Sleeping: Myth or Fact?

MYTH: Health problems such as obesity, diabetes, hypertension, and depression have no relation to the amount and quality of a person’s sleep.

FACT: More and more scientific studies are showing correlations between poor quality sleep and/or insufficient sleep with a variety of diseases.

MYTH: During sleep, your brain rests.

FACT: The body rests during sleep. Despite this fact, the brain remains active, gets “recharged,” and still controls many body functions including breathing. When we sleep, we typically drift between two basic sleep states, Rapid Eye Movement (REM) sleep and Non-REM (NREM) sleep, which consists of Sleep Stages One through Four. Sleep can be important to helping with consolidating your memories and cognitive functions.

MYTH: Teens who fall asleep in class have bad habits and are lazy.

FACT: Teens need at least 8.5 to 9.25 hours of sleep each night, compared to an average of seven to nine hours each night for most adults. The internal biological clocks of teenagers can keep them awake later in the evenings and can interfere with waking up in the morning.

MYTH: Daytime sleepiness always means a person is not getting enough sleep.

FACT: Excessive daytime sleepiness can occur even after a person gets enough sleep. Such sleepiness can be a sign of an underlying medical condition or sleep disorder such as narcolepsy or sleep apnea. Symptoms should be discussed with a physician.

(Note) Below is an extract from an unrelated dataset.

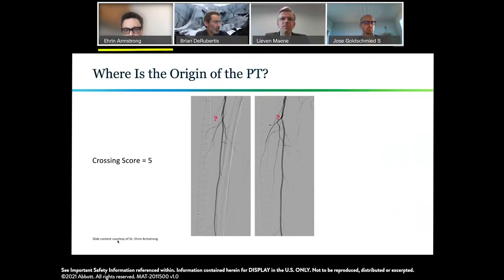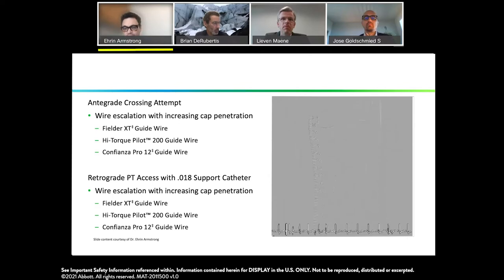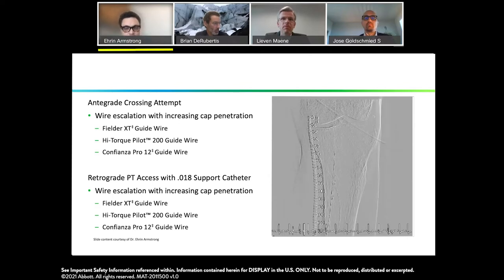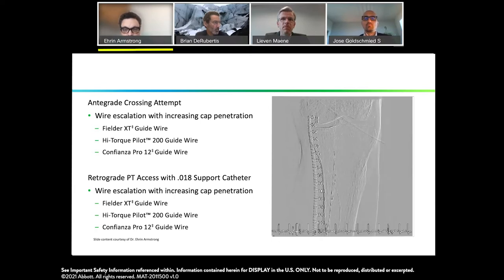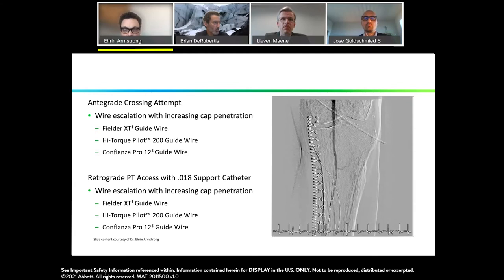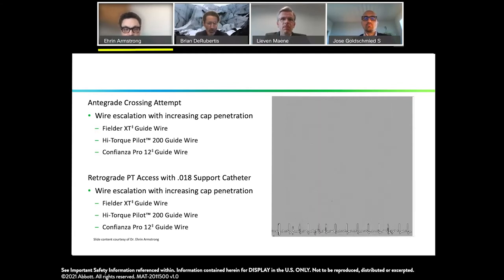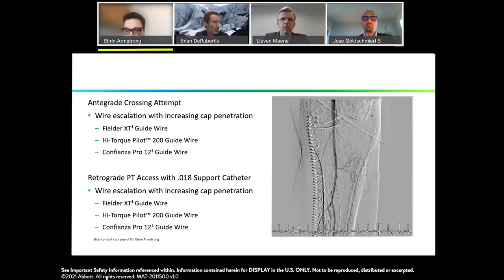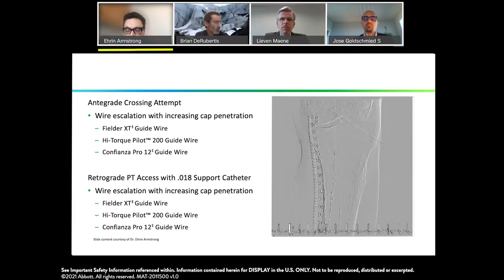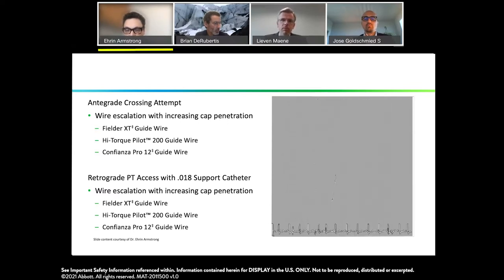These orthogonal views again emphasize that there's not a clear cap of the posterior tibial to probe. This would be a crossing score of five based on the system just discussed, suggesting this is not going to be amenable to an antegrade approach. Consistent with that, I tried from an antegrade approach using a wire escalation strategy — starting with a softer-tipped 014 Fielder XT wire, then escalating to a Pilot 200, then a Confianza Pro 12. In each case I was able to engage what I thought may be the cap, but was not able to gain much traction, consistent with either not being in the cap or the cap being very tough. Without a clear target, it was difficult to proceed from an antegrade approach.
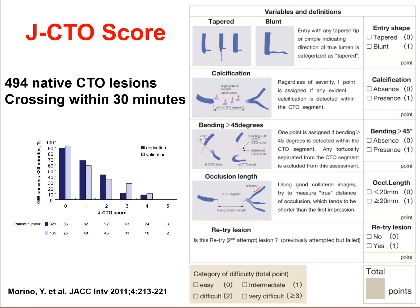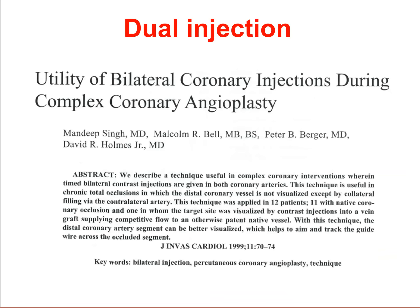The four JCTO parameters are: a blunt proximal cap, second, the presence of calcium within the lesion, third, the presence of more than 45-degree bend within the occlusion, and finally, if there's a more than 20-millimeter occlusion length. Having these characteristics, especially several of them, is associated with higher complexity and lower likelihood for being successful during CTO intervention.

MYTH: If you wake up in the middle of the night, it is best to lie in bed trying to fall back asleep or to toss and turn until you eventually fall back asleep.

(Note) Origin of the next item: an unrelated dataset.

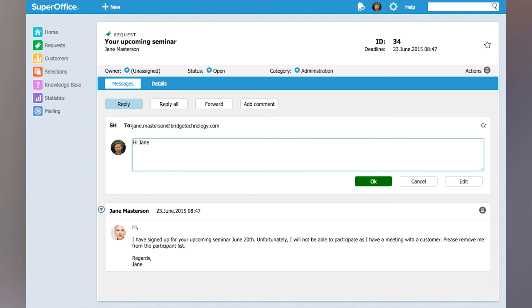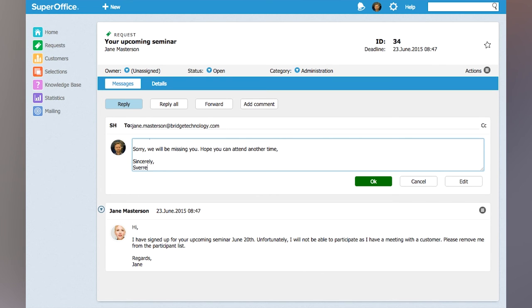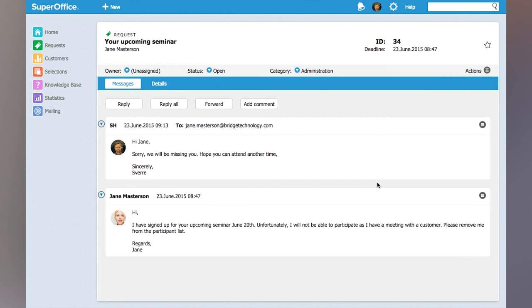So I'm responding: "Hi Jane, sorry we will be missing you, hope you can attend another time." Click OK and the email is sent to Jane and also added as a message to the request without ever having to leave the view request screen.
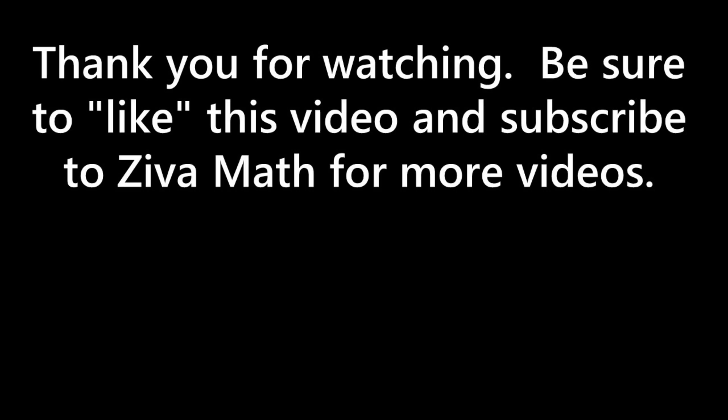Thank you for watching. Be sure to like this video and subscribe to Ziva Math for more videos.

FACT: Waking up in the middle of the night and not being able to go back to sleep is a symptom of insomnia. Relaxing imagery or thoughts may help to induce sleep. However, most experts agree that if you do not fall back to sleep within 15 to 20 minutes, you should get out of bed. You should go to another room, and engage in a relaxing activity like listening to music or reading. Don’t watch the clock. Return to bed only when you feel tired.

MYTH: You can cheat on the amount of sleep you need.

FACT: Sleep experts say that most adults need between seven and nine hours of sleep each night for optimum performance, health, and safety.